El segundo capítulo de los Hechos de los Apóstoles es una ilustración admirable de la apologética apostólica, y el valor de este capítulo como ilustración no depende de si, de hecho, los reunidos el día de Pentecostés escucharon a cada uno “hablar en su propia opinión”. lengua." Por lo tanto, no sólo el cristiano que acepta Hechos como histórico sino también el escéptico que rechaza el milagro de las lenguas puede estar de acuerdo al menos en considerar este capítulo como evidencia del tipo de argumento que el autor de Hechos consideraba persuasivo.
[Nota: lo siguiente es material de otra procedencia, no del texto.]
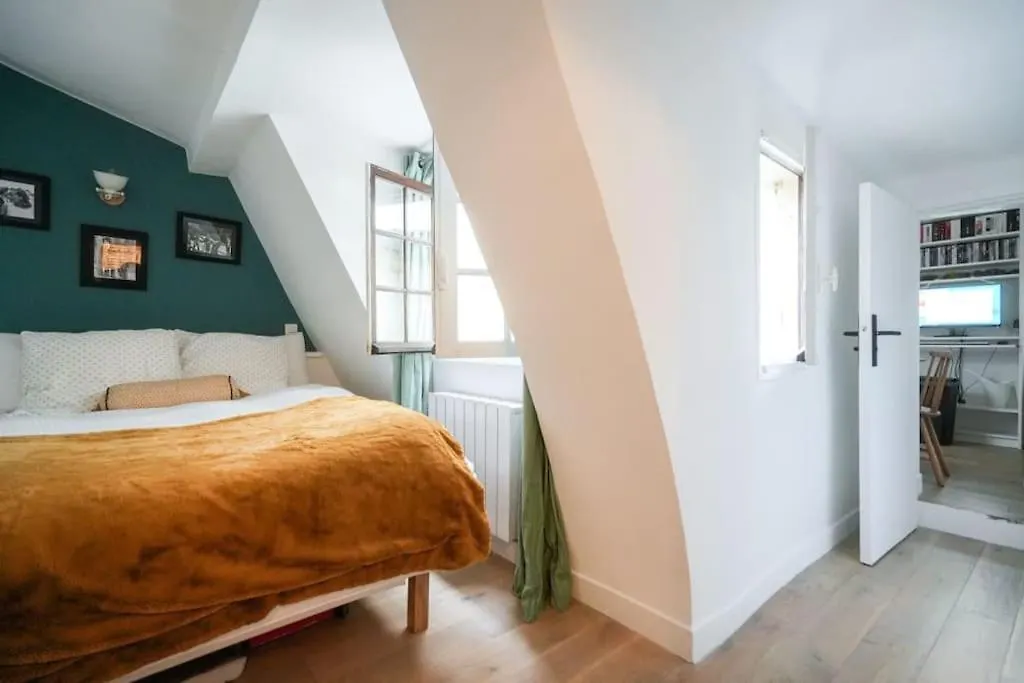 Exquisite Apartment In Paris 3Rd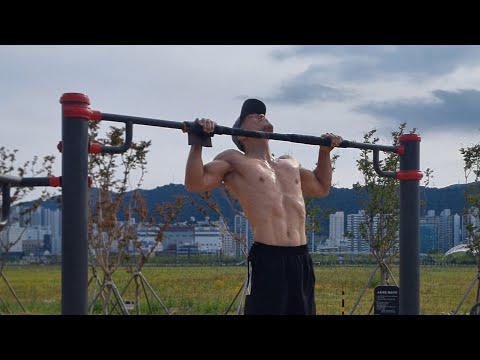 <strong>여름날의</strong> 풀업&amp;푸쉬업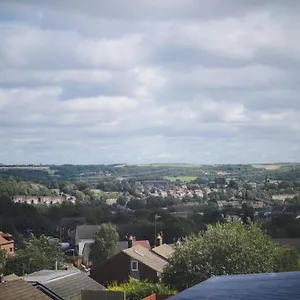 Holiday home 3 Bed House With Exceptional View, Batley
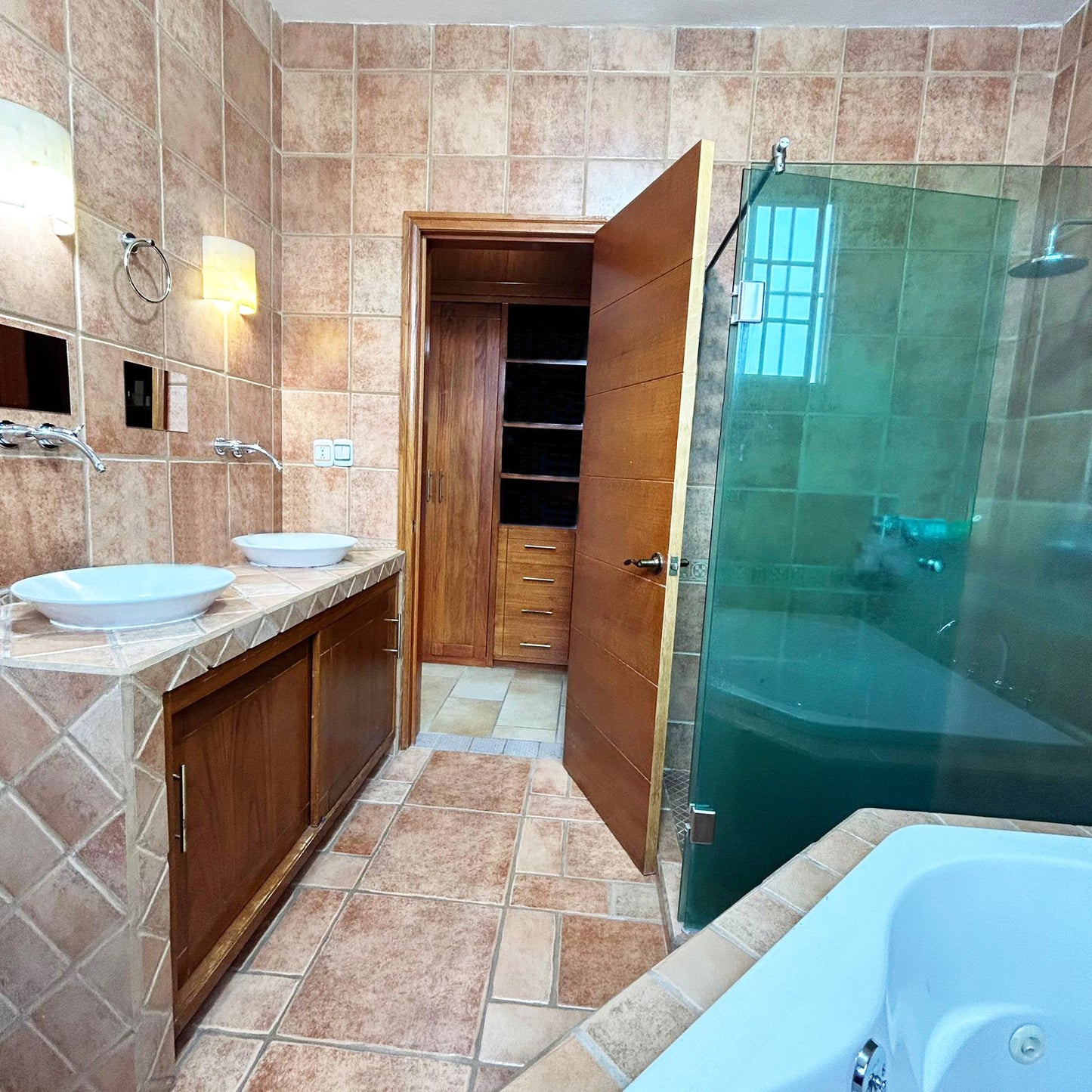 CASA EN VENTA EN BOSQUE CAMELINAS, MORELIA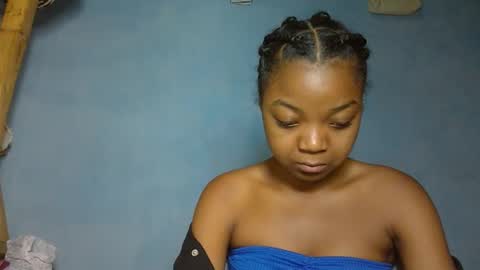 Snapshot of luciana012 chatting on 11/08/25, 06:24 luciana012 online show from 11/08/25, 06:24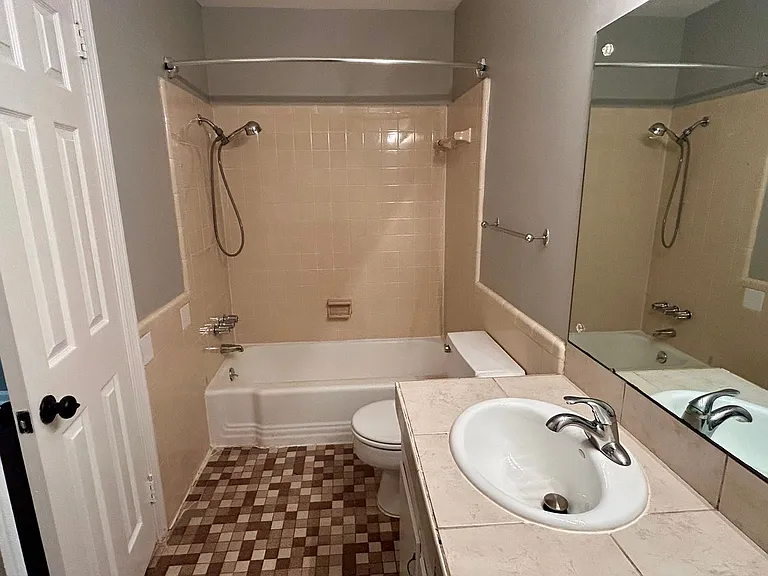 4110 Clairmont Ave S — Photo 8
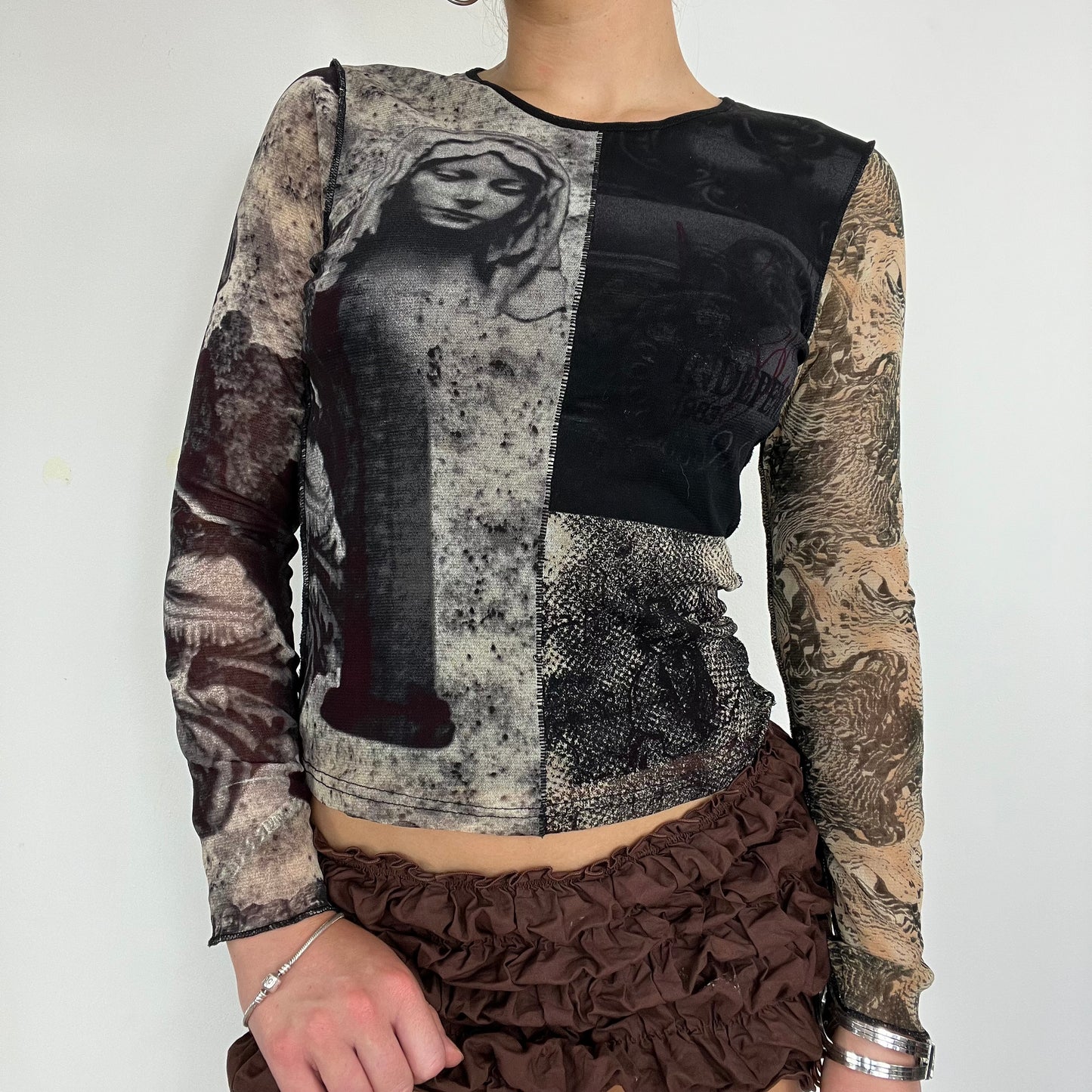 00s graphic print mesh long sleeve top - Size S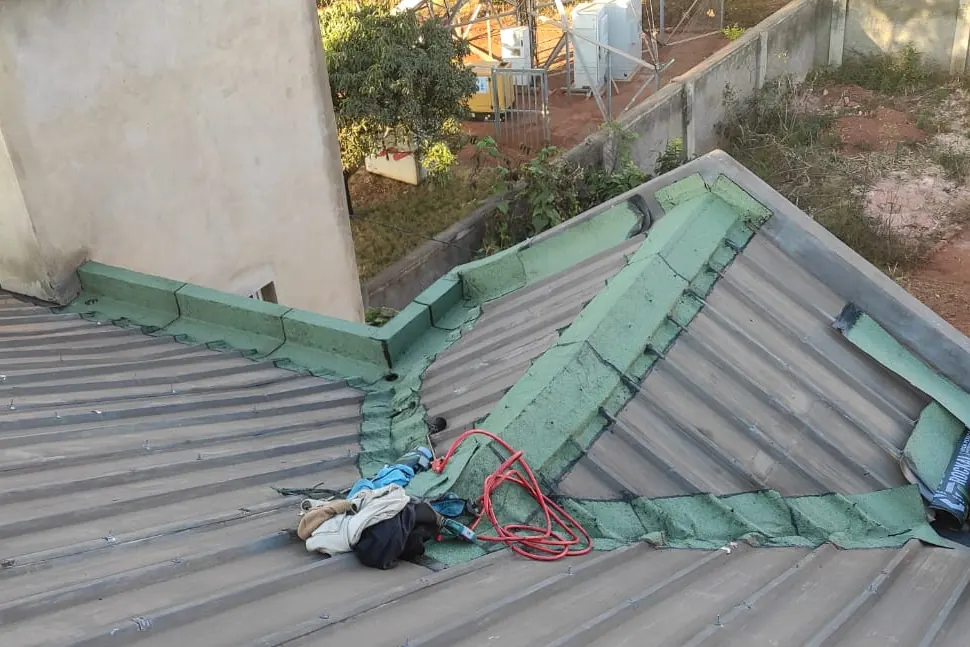Noue et raccords de toiture traités par bandes de membrane.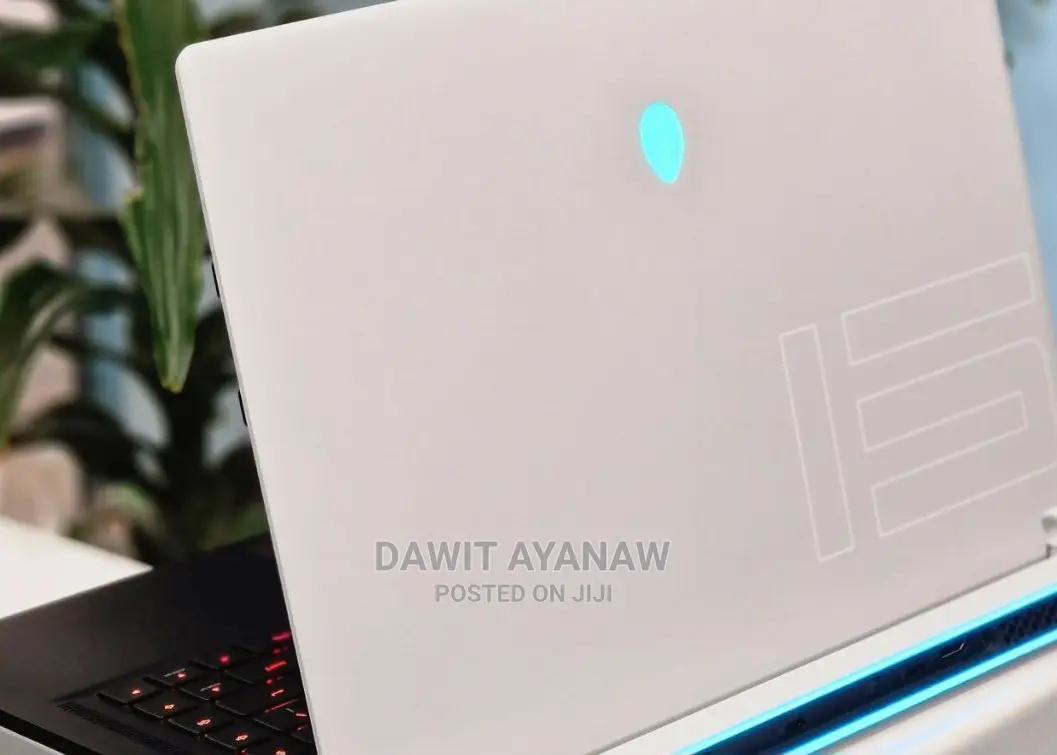 New Laptop Dell Alienware X15 R1 32GB Intel Core I7 SSD 1T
Ahora bien, ¿en qué basa Pedro su argumento? Sobre el cumplimiento de la profecía y nada más. El don milagroso de lenguas fue importante porque era el cumplimiento de lo que había sido “hablado por el profeta Joel”. En lugar de intentar probar que Cristo resucitó de entre los muertos, Pedro usa el hecho de la Resurrección como evidencia de que Jesús era el Mesías del que hablaba David cuando dijo: “Porque no dejarás mi alma en el infierno, ni sufrirás tu Santidad”. Uno para ver la corrupción”. Porque David era profeta y sabía que Dios le había jurado con juramento que del fruto de sus lomos uno se sentaría en su trono. Previendo esto, habló de la resurrección de Cristo. Porque ni fue dejado en el infierno, ni su carne vio corrupción.

Nuevamente, en lugar de resumir la evidencia de los milagros de nuestro Señor, da por sentado esos milagros y los cita como evidencia de que Jesús era “un hombre aprobado por Dios”. Pedro, debido a que estaba hablando a judíos que eran testigos oculares o amigos de aquellos que habían sido testigos oculares de estos milagros, no sintió la necesidad de probar los milagros que “Dios hizo por medio de él en medio de vosotros, como también sabéis”.

La manera casual en que Pedro da por sentado que toda su audiencia está consciente del hecho de que Jesús obró milagros es una clara indicación de que incluso los enemigos de los cristianos estaban bastante dispuestos a admitir que Jesús poseía poderes sobrenaturales.